Adding the third dimension of digit level parallelism aids in estimating performance and resource requirements, and permits comparing two disparate architectures that employ it in different ways. The unique characteristics and dependency relationships of each architecture determine where digit parallelism can be employed, and whether operand or product scanning is better.

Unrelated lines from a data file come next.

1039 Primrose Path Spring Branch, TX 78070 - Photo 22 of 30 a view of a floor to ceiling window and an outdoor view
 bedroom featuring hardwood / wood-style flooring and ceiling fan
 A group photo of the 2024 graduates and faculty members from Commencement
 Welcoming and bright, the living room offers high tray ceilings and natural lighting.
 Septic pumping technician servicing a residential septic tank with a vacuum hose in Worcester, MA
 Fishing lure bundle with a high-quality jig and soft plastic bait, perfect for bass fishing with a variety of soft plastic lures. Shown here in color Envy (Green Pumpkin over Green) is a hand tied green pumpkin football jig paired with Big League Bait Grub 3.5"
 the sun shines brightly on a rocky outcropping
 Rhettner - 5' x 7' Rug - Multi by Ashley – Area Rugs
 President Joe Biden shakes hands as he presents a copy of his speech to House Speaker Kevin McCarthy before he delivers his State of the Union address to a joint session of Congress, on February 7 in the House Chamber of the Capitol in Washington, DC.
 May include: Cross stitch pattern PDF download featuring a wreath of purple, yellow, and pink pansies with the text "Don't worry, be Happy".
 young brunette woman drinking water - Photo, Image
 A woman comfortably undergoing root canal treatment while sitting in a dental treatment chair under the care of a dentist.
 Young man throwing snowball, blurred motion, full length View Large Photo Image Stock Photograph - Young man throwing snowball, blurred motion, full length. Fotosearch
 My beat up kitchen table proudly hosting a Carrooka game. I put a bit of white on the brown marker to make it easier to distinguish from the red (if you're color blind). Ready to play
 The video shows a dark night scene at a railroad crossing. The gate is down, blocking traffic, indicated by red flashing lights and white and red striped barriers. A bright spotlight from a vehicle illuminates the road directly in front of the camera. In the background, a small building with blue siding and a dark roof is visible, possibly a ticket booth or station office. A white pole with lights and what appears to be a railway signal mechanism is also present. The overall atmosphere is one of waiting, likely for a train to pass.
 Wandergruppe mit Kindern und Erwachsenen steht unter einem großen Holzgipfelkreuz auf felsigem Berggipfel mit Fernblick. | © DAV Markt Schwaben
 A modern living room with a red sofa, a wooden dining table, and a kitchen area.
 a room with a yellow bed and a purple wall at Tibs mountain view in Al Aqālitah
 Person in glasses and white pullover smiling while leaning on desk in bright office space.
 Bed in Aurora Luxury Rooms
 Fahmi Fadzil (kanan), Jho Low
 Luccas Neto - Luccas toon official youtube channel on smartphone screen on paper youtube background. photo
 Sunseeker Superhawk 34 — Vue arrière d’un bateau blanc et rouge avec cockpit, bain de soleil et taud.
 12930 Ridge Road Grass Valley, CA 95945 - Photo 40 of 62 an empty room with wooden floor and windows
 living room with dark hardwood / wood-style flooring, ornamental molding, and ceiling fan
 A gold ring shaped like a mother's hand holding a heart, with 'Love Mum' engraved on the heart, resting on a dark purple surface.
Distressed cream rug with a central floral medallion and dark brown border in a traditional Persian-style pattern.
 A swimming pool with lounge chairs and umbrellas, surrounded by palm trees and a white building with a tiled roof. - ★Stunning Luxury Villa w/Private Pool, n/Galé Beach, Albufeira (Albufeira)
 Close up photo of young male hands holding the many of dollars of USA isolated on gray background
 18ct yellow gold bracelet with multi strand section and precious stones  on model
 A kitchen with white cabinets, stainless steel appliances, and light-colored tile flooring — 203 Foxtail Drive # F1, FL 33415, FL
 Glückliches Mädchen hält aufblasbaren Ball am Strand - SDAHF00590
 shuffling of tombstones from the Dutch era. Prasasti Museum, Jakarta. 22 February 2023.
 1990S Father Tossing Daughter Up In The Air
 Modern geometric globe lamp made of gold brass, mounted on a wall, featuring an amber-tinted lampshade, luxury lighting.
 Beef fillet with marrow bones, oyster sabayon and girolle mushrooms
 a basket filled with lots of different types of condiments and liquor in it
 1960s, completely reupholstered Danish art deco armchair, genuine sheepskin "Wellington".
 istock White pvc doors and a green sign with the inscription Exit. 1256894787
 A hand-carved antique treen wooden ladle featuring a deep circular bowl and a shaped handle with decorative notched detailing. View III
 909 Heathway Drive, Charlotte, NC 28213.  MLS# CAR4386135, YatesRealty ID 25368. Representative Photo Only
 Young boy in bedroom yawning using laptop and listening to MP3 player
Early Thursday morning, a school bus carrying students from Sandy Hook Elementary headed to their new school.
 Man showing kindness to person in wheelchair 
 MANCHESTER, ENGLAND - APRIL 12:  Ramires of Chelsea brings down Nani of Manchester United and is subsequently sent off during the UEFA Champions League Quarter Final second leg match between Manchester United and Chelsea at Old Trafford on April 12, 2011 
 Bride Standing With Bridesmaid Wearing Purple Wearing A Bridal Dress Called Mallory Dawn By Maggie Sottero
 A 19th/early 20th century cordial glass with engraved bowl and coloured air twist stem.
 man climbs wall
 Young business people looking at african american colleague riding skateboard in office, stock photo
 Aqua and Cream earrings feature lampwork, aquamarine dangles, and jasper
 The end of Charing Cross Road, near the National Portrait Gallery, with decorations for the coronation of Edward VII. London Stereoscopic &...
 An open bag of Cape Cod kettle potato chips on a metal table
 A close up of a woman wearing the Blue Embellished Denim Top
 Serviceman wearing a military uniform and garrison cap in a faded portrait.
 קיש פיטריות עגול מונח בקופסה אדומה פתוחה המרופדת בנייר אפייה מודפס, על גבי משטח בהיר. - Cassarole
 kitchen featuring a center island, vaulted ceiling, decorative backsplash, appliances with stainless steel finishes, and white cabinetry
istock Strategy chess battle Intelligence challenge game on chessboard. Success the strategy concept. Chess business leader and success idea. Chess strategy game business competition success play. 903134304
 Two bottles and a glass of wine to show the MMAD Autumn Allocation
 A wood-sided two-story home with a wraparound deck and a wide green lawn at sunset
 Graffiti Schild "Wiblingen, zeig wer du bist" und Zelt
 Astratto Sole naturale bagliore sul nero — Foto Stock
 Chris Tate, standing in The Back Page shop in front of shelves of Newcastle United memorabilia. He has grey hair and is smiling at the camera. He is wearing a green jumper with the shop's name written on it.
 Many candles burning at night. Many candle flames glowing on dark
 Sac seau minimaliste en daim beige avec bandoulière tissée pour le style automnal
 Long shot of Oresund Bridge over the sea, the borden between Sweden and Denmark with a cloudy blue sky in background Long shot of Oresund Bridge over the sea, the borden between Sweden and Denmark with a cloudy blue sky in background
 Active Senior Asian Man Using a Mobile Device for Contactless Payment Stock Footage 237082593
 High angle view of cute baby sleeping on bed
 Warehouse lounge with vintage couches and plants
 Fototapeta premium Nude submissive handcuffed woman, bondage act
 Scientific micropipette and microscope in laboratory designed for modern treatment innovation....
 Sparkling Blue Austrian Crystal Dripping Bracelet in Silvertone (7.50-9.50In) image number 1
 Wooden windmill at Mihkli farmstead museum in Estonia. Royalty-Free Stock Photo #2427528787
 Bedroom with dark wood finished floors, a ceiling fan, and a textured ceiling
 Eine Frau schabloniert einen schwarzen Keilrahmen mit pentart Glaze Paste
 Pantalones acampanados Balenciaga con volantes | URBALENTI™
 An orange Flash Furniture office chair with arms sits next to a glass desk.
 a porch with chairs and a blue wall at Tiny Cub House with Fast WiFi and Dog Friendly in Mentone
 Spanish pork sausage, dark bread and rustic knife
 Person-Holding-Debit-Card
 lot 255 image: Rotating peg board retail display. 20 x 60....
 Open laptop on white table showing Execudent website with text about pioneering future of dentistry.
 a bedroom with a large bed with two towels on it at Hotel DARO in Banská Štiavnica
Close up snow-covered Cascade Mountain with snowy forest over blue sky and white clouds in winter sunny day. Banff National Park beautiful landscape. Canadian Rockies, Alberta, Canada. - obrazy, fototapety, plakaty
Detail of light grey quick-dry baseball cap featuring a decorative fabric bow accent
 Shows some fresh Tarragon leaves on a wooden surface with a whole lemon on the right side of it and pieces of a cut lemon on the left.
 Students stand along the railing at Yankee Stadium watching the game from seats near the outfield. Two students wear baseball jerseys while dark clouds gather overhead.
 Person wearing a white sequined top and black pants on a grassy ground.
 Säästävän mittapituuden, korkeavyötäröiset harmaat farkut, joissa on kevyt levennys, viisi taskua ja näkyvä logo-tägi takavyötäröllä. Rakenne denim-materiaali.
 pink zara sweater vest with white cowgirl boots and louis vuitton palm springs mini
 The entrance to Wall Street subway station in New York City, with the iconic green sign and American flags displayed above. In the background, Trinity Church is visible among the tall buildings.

For utility in making performance estimates, the categories from the existing serial Montgomery taxonomy list the number of cycles required assuming a single digit multiplier. Recall that $2 k^{2}+k$ digit multiplications are required. Although it is possible to construct an SPS architecture which also requires $2 k^{2}+k$ multiplications, the preferred realization uses $2.5 k^{2}+0.5 k$ multiplications. Despite a higher digit multiplication count, it offers more opportunities for parallel optimization, partly because of the dependency ordering. As a result, it can offer
higher performance than other categories with the same number of digit multipliers. It is described in Section IV.

Employing $m>1$ digit multipliers increases parallelism, but only for those digit operations that can be performed concurrently. Table IV lists the digit scheduling sequences for selected categories for both the strictly serial mode $(m=1)$ and modes with some degree of digit parallelism $(m>1)$.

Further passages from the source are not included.